A Crash Course in Color Theory With Hanno Otten
Had they lived in the same city and century, Cologne-based artist Hanno Otten and Ludwig van Beethoven might have found themselves in the same book club. The two creatives have both cited a particular affinity for Johann Wolfgang von Goethe’s Theory of Colours, the German writer’s seminal discourse on color perception.
While originally proposed by Goethe as a scientific study, Theory of Colours has always resonated more persuasively as a philosophical exploration of the phenomenal effects of color on human experience.
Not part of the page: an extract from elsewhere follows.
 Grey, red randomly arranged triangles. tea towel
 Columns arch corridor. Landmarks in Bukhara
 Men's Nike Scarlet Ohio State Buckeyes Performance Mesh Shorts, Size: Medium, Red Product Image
Goethe’s descriptions of individual hues brim with his own psychological responses. His passage on yellow, for instance, reads: “In its highest purity it always carries with it the nature of brightness, and has a serene, gay, softly exciting character.”
Hanno Otten’s photographs, photograms, and sculptures—made primarily from blocks and swathes of lucid color—explore the atmospheric capabilities of tone and light, and offer a visual extension of Goethe’s musings. This September, at Cologne’s Priska Pasquer Gallery, Otten’s extensive engagement with chromatics is presented in “Color,” a mini retrospective of works made from 1992 to the present day.
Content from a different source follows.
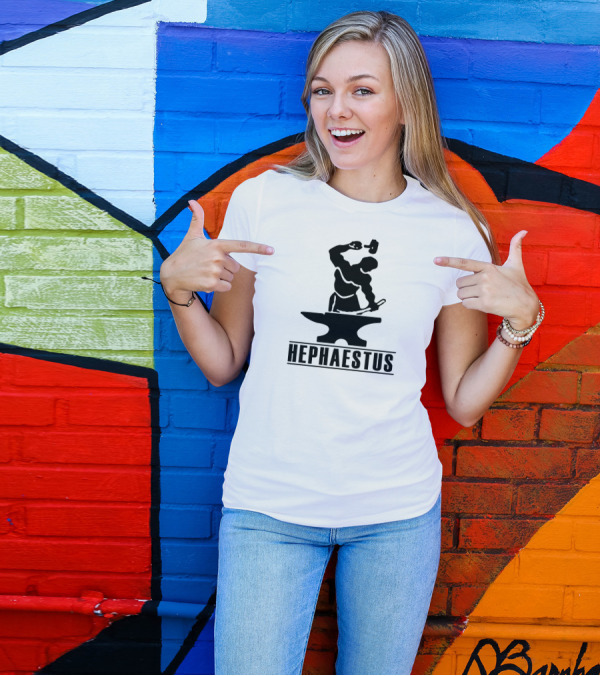 Hephaestus Blacksmith Silhouette With Anvil And Hammer T-Shirt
Otten’s newest work, “13 Colour Families,” offers a vivid study of monochromes in a grouping of c-prints. The series captures the abundant nuances of individual colors that we might—perhaps unjustly—sum up in a single word. The honed, albeit faceted, palettes invoke a range of references from emotional to social to art historical. Purpur (2) (2014), for instance, which resembles the scion of a Mark Rothko painting, or the visualization of lust, could moonlight as a psychedelic poster for a 60s rock band.
A selection of photograms from Otten’s ongoing “Colorblock” series, which he began in the early 1990s, grounds the exhibition in small compositions made from a refracted spectrum of reds, blues, and yellows. Created by directing light through multi-hued filters onto photosensitive paper, the resulting geometric fields of color surface as both medium and subject. At their edges, the forms overlap and blur, creating a sense of movement, incandescence, and practically anthropomorphic energy. Do Otten’s colors have personalities—as Goethe seemed to imply—or at least induce and express ours?
“Hanno Otten” is on view at Priska Pasquer, Cologne, September 6–October 31, 2014.